Sungguh banyak ide yang melintas
di kepala ini untuk ditulis, rasanya seperti kepala mau pecah karena ndak muat.
Namun mungkin saking banyaknya sampai bingung mau nulis apa ya.
Baiklah, akan kuceritakan
kisah-kisah kehidupanku dengan kyai Abdul Mu’thi Hamid, Tambaksawah - Sidoarjo.

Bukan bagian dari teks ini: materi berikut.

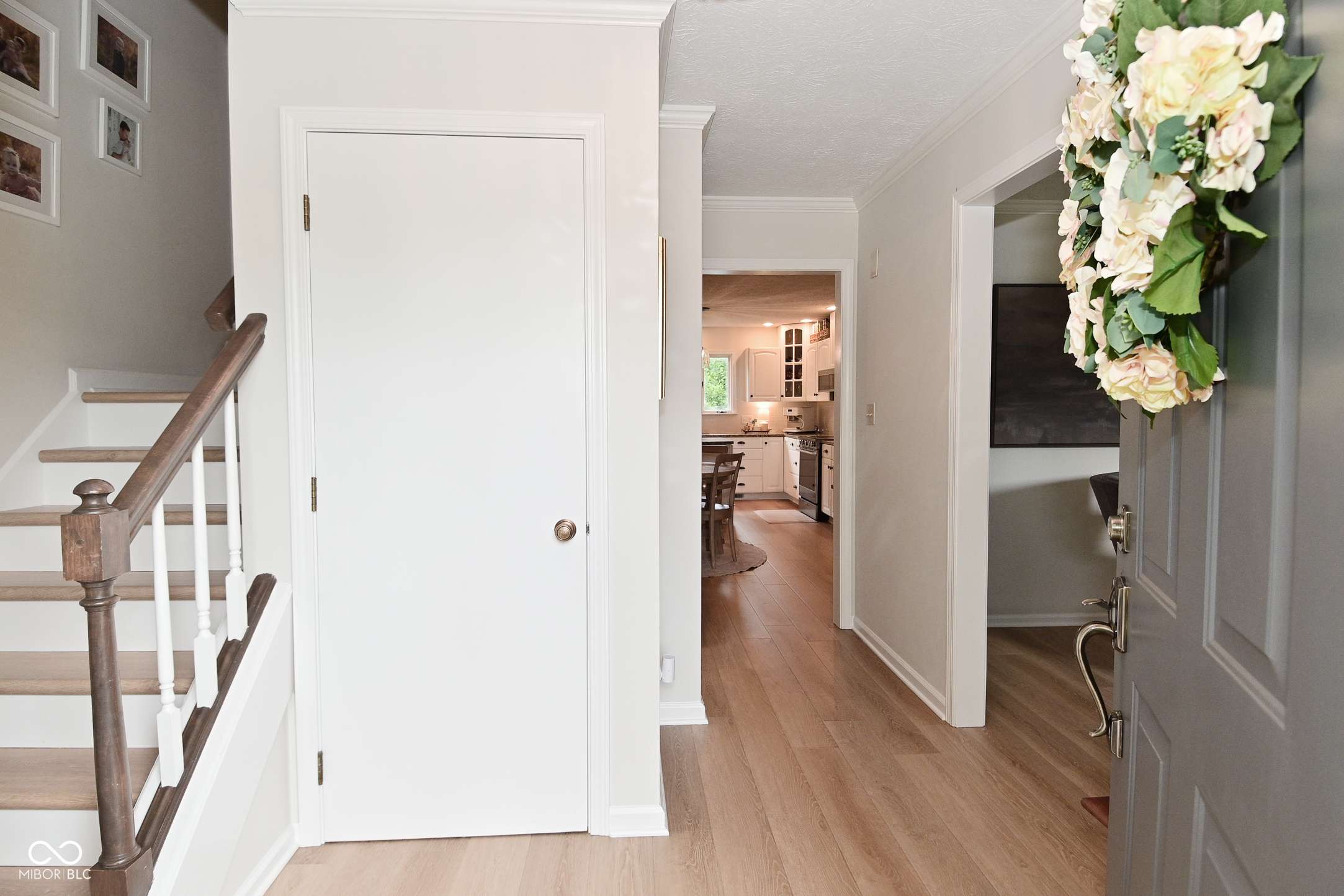 Carmel, IN 46033,4585 Abbey DR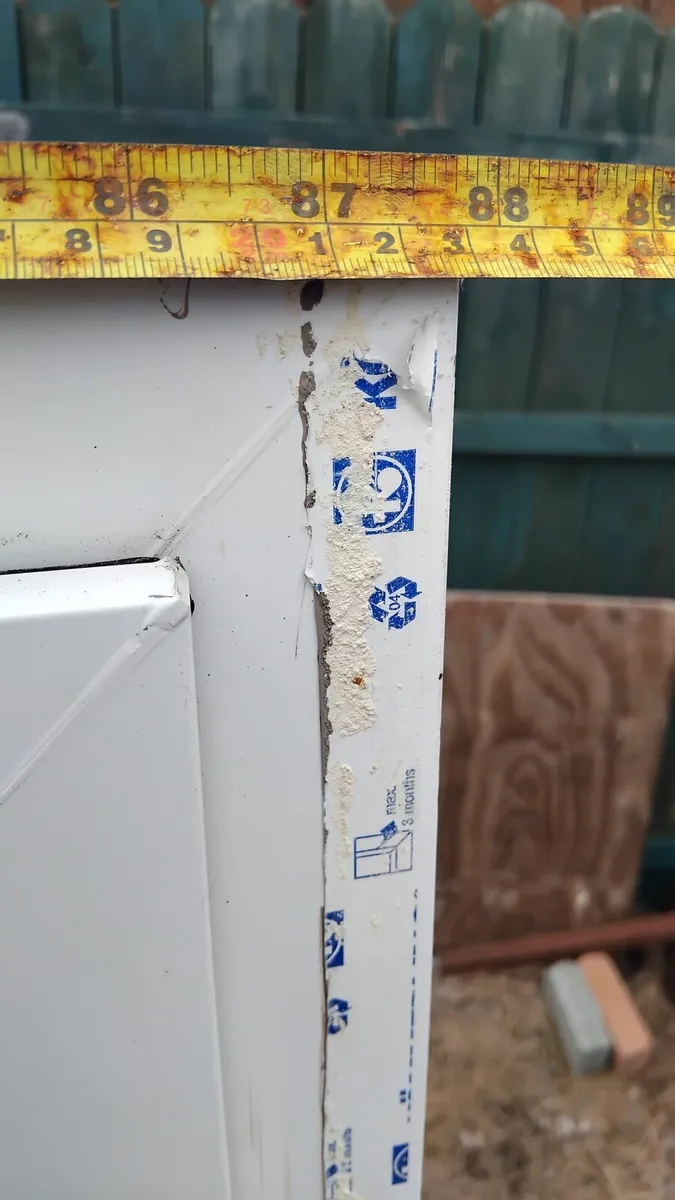 French double door - Image 3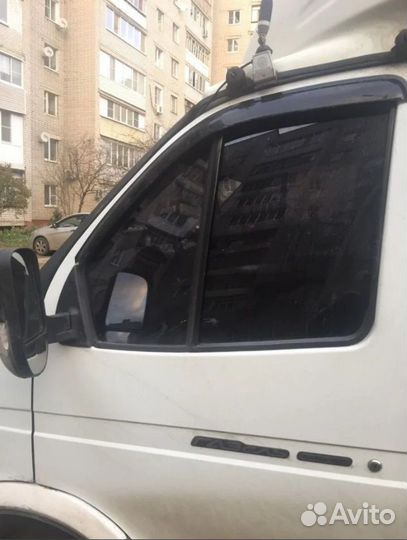 Автошторки клипсы 5 прц nissan Sunny N 16 2000-200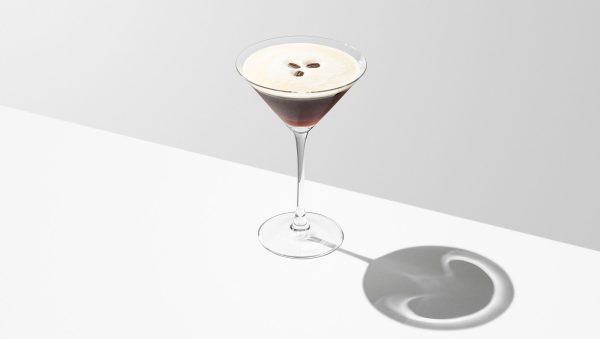 The Liqueur & Speciality Spirits Masters 2025 results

Terutama soal sifat- sifat beliau yang mulia. Karena aku sudah tinggal disini
lebih dari 5 tahun, sedikit akan kusarikan interaksiku dengan beliau. Semoga
kita bisa mengambil suri teladan dari seorang alim ulama
Pernah suatu ketika aku dipanggil
beliau ke ndalem(rumah kyai). Aku masuk lewat belakang ke ruangan tengah di belakang
ruang tamu. Rupanya beliau sedang menemui tamu. Aku tahu karena barusan kuintip
dari jendela-ruang tamu dan ruang tengah dihubungkan
dengan sebuah pintu dan jendela kaca ribben.
Kubuka pintu dan kupamerkan
wajahku di depannya sambil tersenyum ke arah pak yai dengan maksud memanggil
beliau. Beliau mengerti dan segera beranjak dari kursinya ke ruang tengah.
Pintu ditutupnya, sambil menarik pundakku
dengan lembut dengan agak menjauh dari ruang tamu beliau berbisik “Le, ana duit. Iku ana tamu kate nyilih duit
satus ewu. Lek sampeyan duwe tak silihe disik. Aku gak iso nolak wong njaluk
tulung, le..”
“Boten wonten yai, wonten namung seket”.
Waktu bokek, pegangan gak sampai
100 ribu pas itu. Dengan agak berat hati kuiyakan permintaan yai.
Seketika memoriku terusik,
teringat perilaku Rasulullah saw yang sering kubaca di buku- buku sejarah nabi.
Bahwa beliau tidak pernah menolak orang yang meminta-minta. Mungkin perilaku
seperti ini yang ingin diteladani oleh pak yai. Sungguh berat! Sungguh berat! Apalagi
dalam kondisi diri sendiri tak punya uang, masih mengorbankan diri mencari
tempat berhutang untuk menolong orang lain yang kesusahan.
Aku juga teringat pada suatu malam
sayidina Ali kw menjamu tamu. Lalu meminta istrinya Fatimah ra untuk
menghidangkan makanan pada tamunya. Padahal
makanan itu hanya satu-satunya yang tersisa untuk malam itu. Kedua putranya
juga belum makan malam.
Ali kw bukannya mengurungkan
niatnya malah menyuruh istrinya untuk menidurkan anak-anaknya. Seraya menyusun
rencana saat makanan disuguhkan dan tamu siap memakannya, istrinya disuruh
mematikan lampu sambil berpura-pura memperbaiki. Supaya si tamu mengira Ali kw
makan bersama tamunya.
Demikian mulia mereka itu,
mendahulukan orang lain dibanding dirinya sendiri. Meskipun harus merelakan
haknya pada orang lain. Semoga kita bisa meneladani mereka.